Tika Input Transformer

Description

The Tika Input Transformer is the default input transformer responsible for translating Microsoft Word, Microsoft Excel, Microsoft PowerPoint, OpenOffice Writer, and PDF documents into a Catalog Metacard. This Input Transformer utilizes Apache Tika to provide basic support for these mime types. As such, the metadata extracted from these types of documents is the metadata that is common across all of these document types, e.g., creation date, author, last modified date, etc. The Tika Input Transformer's main purpose is to ingest these types of content into the DDF Content Repository and the Metadata Catalog despite no DDMS metadata being generated.

The Tika input transformer is given a service ranking (prioity) of -1 so that it is guaranteed to be the last Input Transformer that is invoked. This allows any registered Input Transformers that are more specific for any of these document types to be invoked instead of this rudimentary default input transformer.

Usage

Use the Tika Input Transformer if ingesting Microsoft documents, OpenOffice documents, or PDF documents into the DDF Content Repository and/or the Metadata Catalog is important, even if the metacard generated contains no DDMS metadata in it.

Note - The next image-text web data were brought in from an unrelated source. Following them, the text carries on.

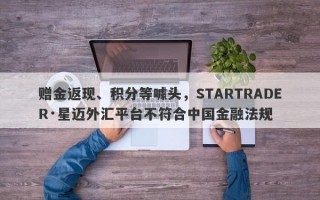 赠金返现、积分等噱头，STARTRADER·星迈外汇平台不符合中国金融法规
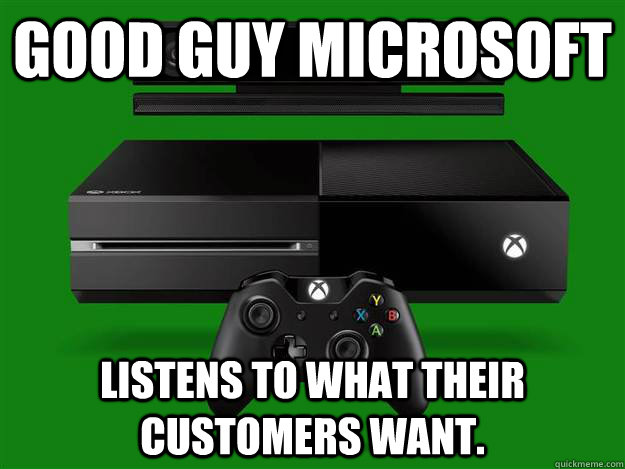 Good Guy Microsoft Listens to what their customers want.  Good Guy Microsoft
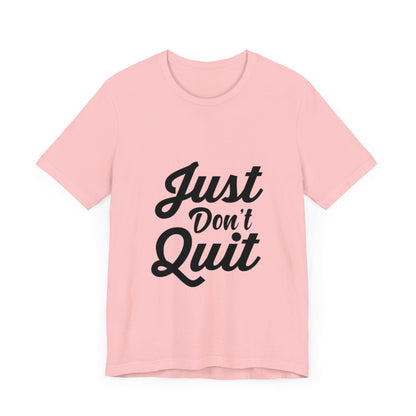 Unisex Jersey "dont quit"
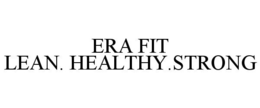 ERA FIT LEAN. HEALTHY.STRONG trademark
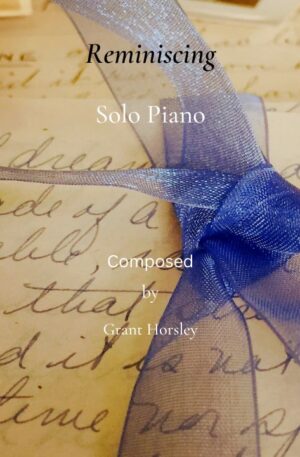 “Reminiscing” – A reflection for Solo Piano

Installation and Uninstallation

Install the catalog-transformer-tika feature using the Web Console or System Console. This feature is uninstalled by default.

Configuration

None

Service Properties

KeyValue
mime-type

application/pdf
application/vnd.openxmlformats-officedocument.wordprocessingml.document
application/vnd.openxmlformats-officedocument.spreadsheetml.sheet
application/vnd.openxmlformats-officedocument.presentationml.presentation

application/vnd.openxmlformats-officedocument.presentationml.presentation
application/vnd.ms-powerpoint.presentation.macroenabled.12
application/vnd.ms-powerpoint.slideshow.macroenabled.12
application/vnd.openxmlformats-officedocument.presentationml.slideshow
application/vnd.ms-powerpoint.template.macroenabled.12
application/vnd.oasis.opendocument.text

shortname 
id 
titleTika Input Transformer
descriptionDefault Input Transformer for all mime types.
service.ranking-1

 

Implementation Details

This Input Transformer maps the metadata common across all mime types to applicable Metacard Attributes in the default MetacardType.

DDMS to Metacard Mapping

N/A

Known Issues

  • The Tika Input Transformer does not create DDMS metadata, it just populates the metadata about metadata fields such as Creation Date, Modified Date, etc.